Il termine deriva dall’arabo al-kimiyah, cioè la chimica, ma pensare a chi si dedicava all’alchimia come a semplici appassionati della trasmutazione dei metalli, perennemente alle prese con forni e alambicchi, equivarrebbe a banalizzare l’ars magna, la grande arte che coinvolse alcune delle menti più brillanti del tardo Medioevo e del Rinascimento.
Insomma: gli alchimisti non si limitavano, come dice la tradizione popolare, a cercare l’elisir di lunga vita, o la formula per trasformare i metalli in oro.
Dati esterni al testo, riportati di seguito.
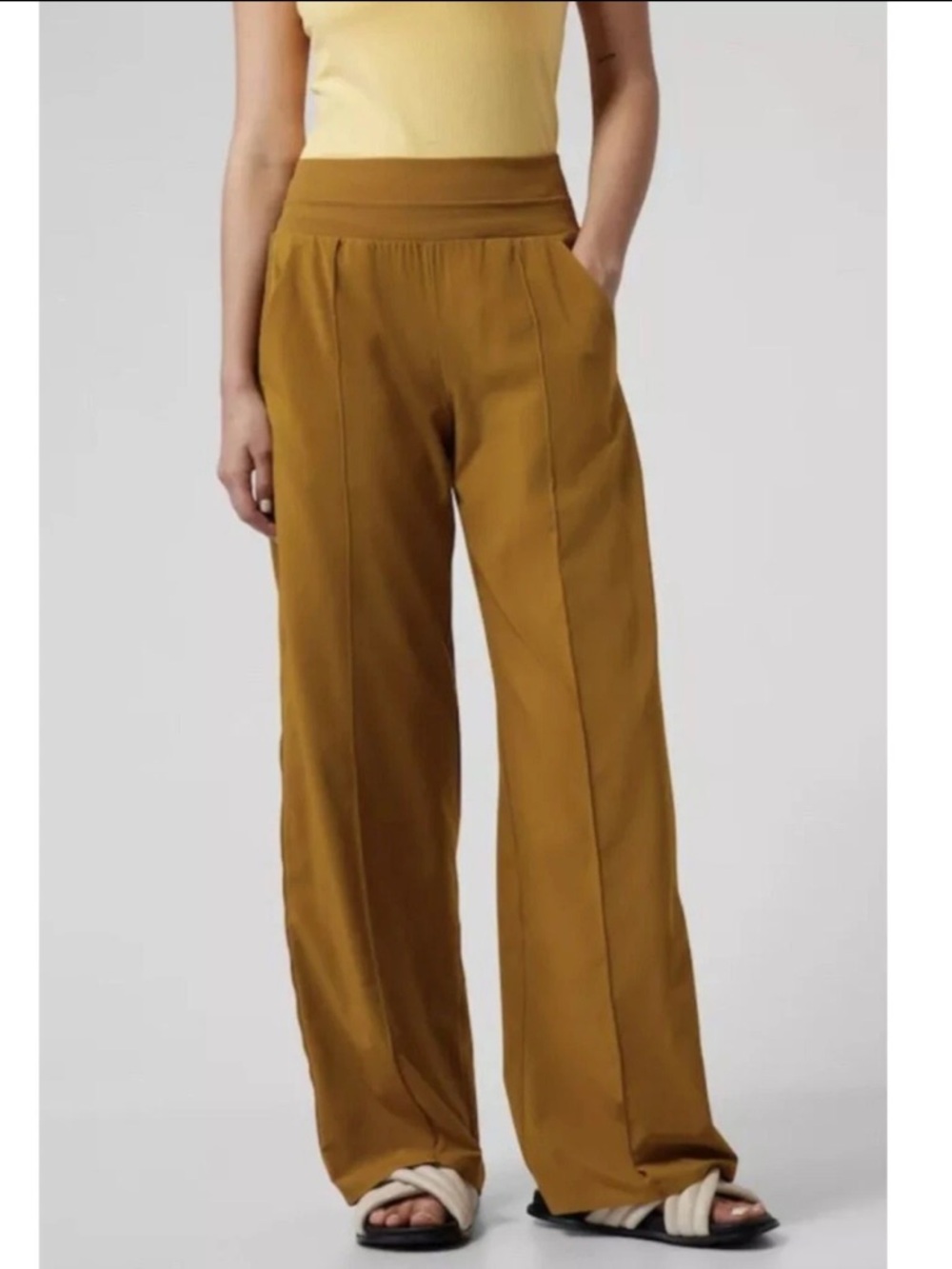 Athleta Nolita Wide Leg Pants 14T Tall Gold Pull On Track Slouchy Travel Casual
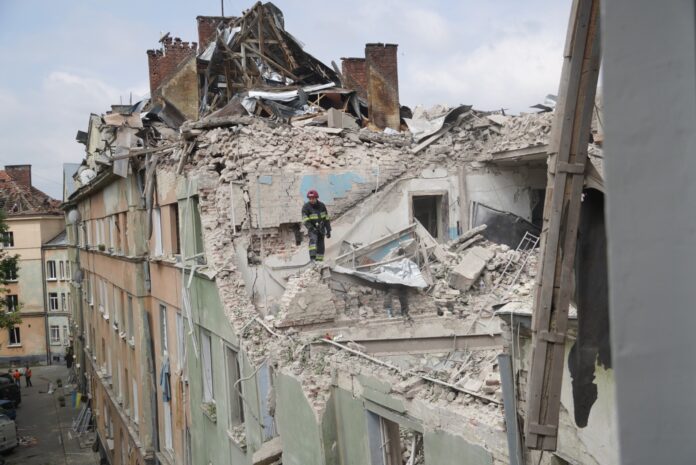 Lviv (Leopolis) damage from missile strike by Russia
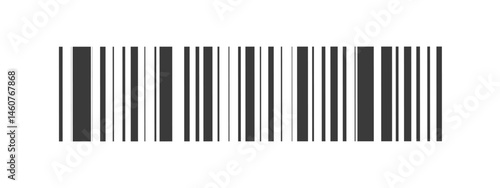 Barcode icon. Simple fake bar code. Barcode product distribution icon. Universal code for scanning product or item. Vector illustration isolated on transparent background.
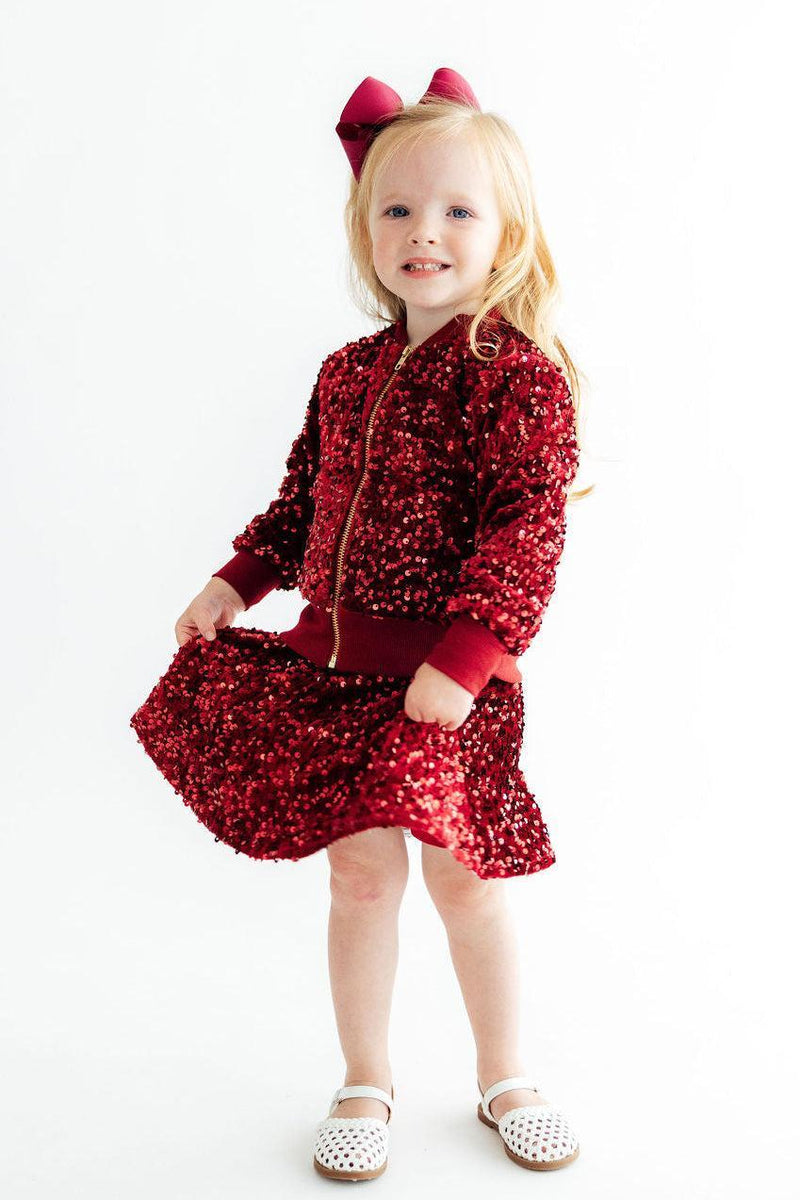 Cranberry Velvet Sequin Jacket - The Palm Beach Baby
I loro reali obiettivi, al di là della facciata di chimici, erano molto più profondi, e in gran parte ancora misteriosi.
Gli alchimisti aspiravano ad accedere alla conoscenza, e con essa alla crescita spirituale. Più che i metalli, miravano a trasformare se stessi. A partire da Ruggero Bacone, un frate francescano inglese vissuto nel ’200, che aveva studiato a Oxford e che fu uno degli uomini più colti del suo tempo, tanto da guadagnarsi il soprannome di Doctor Mirabilis.
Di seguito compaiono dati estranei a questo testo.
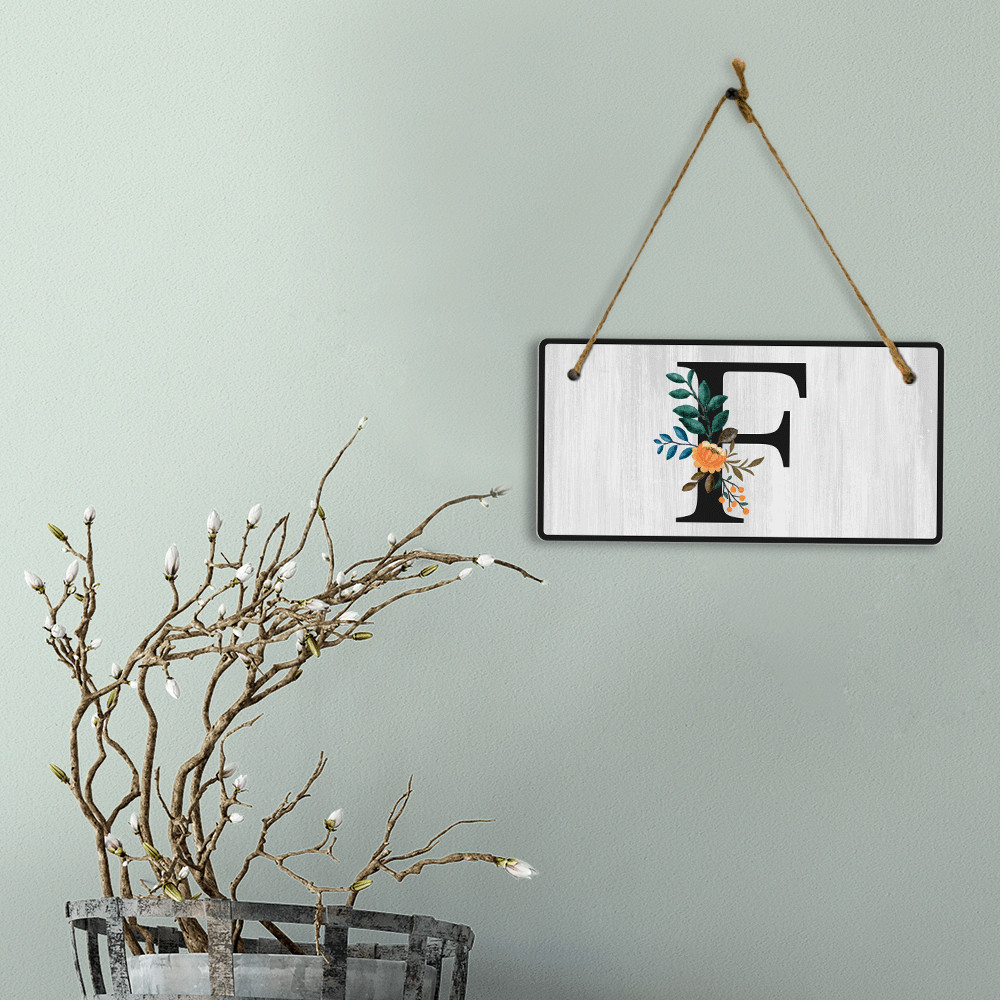 F Flower Decor 5×10 Hanging Wall or Door Sign | Alphabet Letter Room Decoration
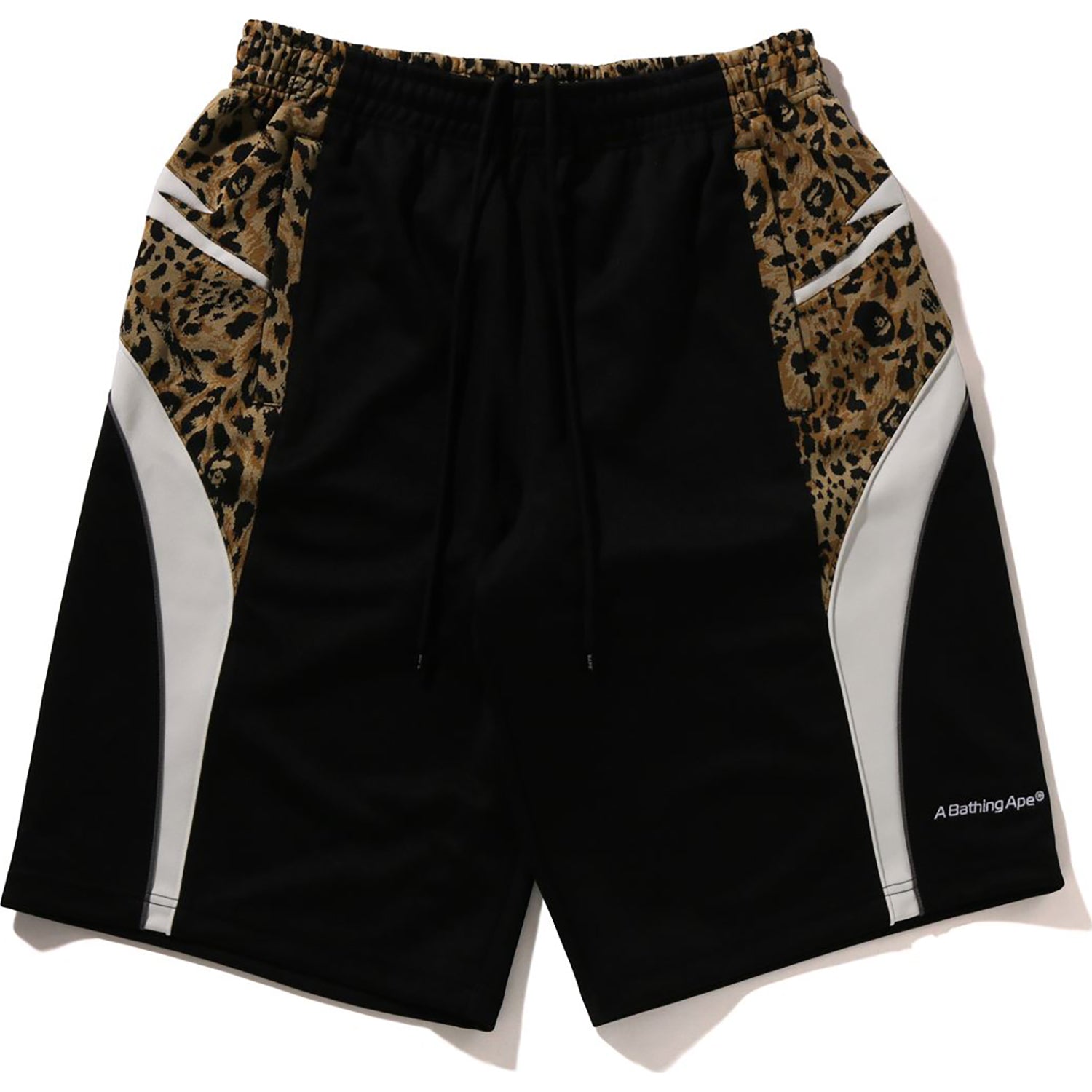 WILD LEOPARD PATTERN KNEE LENGTH OVERSIZED FIT TRACK SHORTS MENS – Image 1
Per Bacone la scienza suprema era la matematica: conoscerla e legarla all’esperienza permetteva di modificare la realtà. «Arriveremo a imprimere ai carri incredibili velocità senza l’aiuto di alcun animale» profetizzò. «Arriveremo a costruire macchine alate, capaci di sollevarsi nell’aria come gli uccelli». Bacone non si sbagliava.
Altro illustre alchimista fu Paracelso (1493- 1541), un medico-astrologo svizzero il cui vero nome era Philippus Aureolus Theophrastus Bombastus von Hohenheim, ma lui se lo cambiò perché si riteneva ben oltre (para in greco) ad Aulo Cornelio Celso, illustrissimo medico dell’antichità. Al di là dell’arroganza (da lui deriva il termine inglese bombastic), Paracelso ebbe intuizioni notevoli, ed è considerato oggi il precursore della farmacologia moderna.
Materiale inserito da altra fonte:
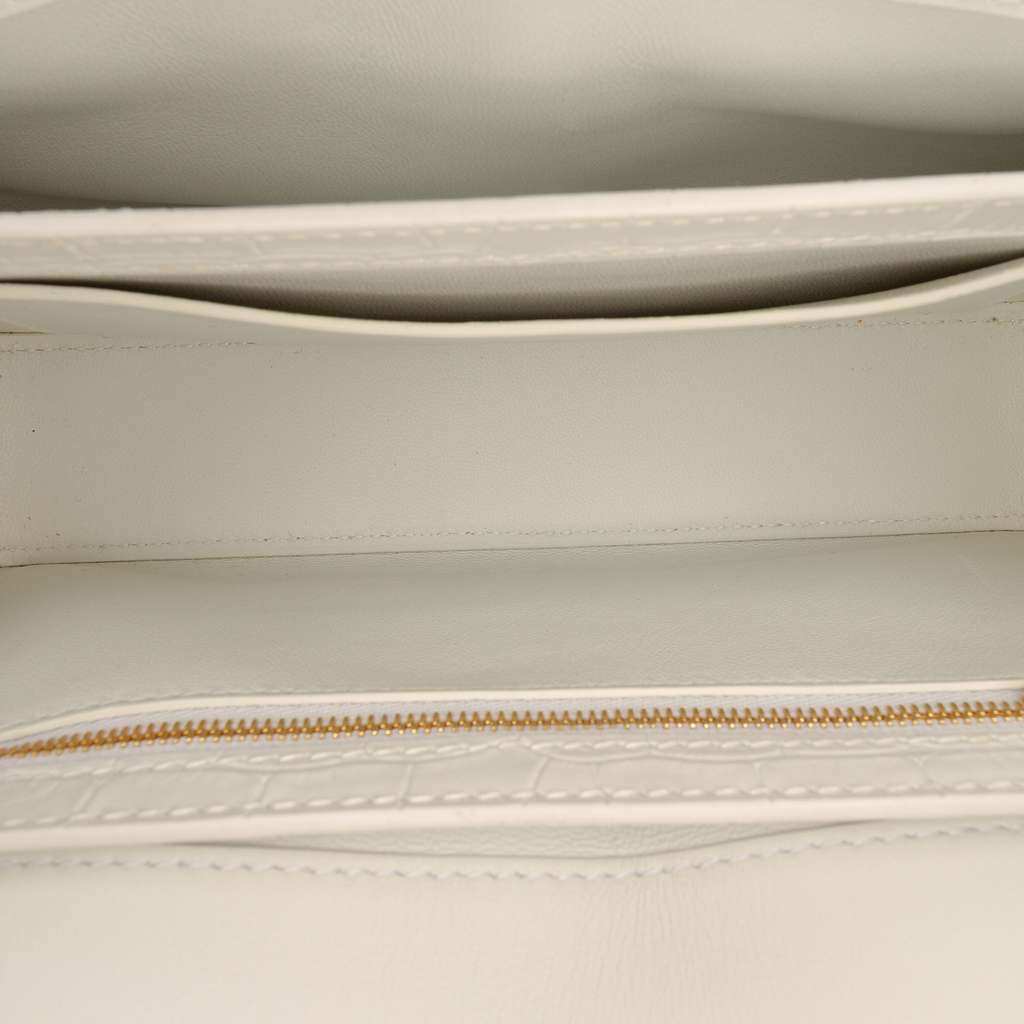 Balenciaga Small Croc Embossed Lady Flap White Leather Good condition - Model View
Convinto che il corpo umano fosse un sistema in cui giocavano un ruolo fondamentale i due tradizionali principi dell’alchimia, lo zolfo e il mercurio (Paracelso aggiunse il sale), introdusse le medicine chimiche, basate su sostanze minerali e non soltanto – come era avvenuto fino ad allora – su quelle organiche.
«Tutto è veleno, e nulla esiste senza veleno. Solo la dose fa in modo che il veleno non faccia effetto» fu il più solido dei suoi principi. Infine, tra gli alchimisti si annovera persino una delle menti più eccelse di tutti i tempi, tra i padri del pensiero scientifico: Isaac Newton.
Pare che lo scopritore della legge di gravitazione universale, nonché ideatore dei fondamenti della meccanica classica (e di molto altro), abbia passato la maggior parte della vita a studiare l’alchimia. Con quali risultati, probabilmente non lo sapremo mai.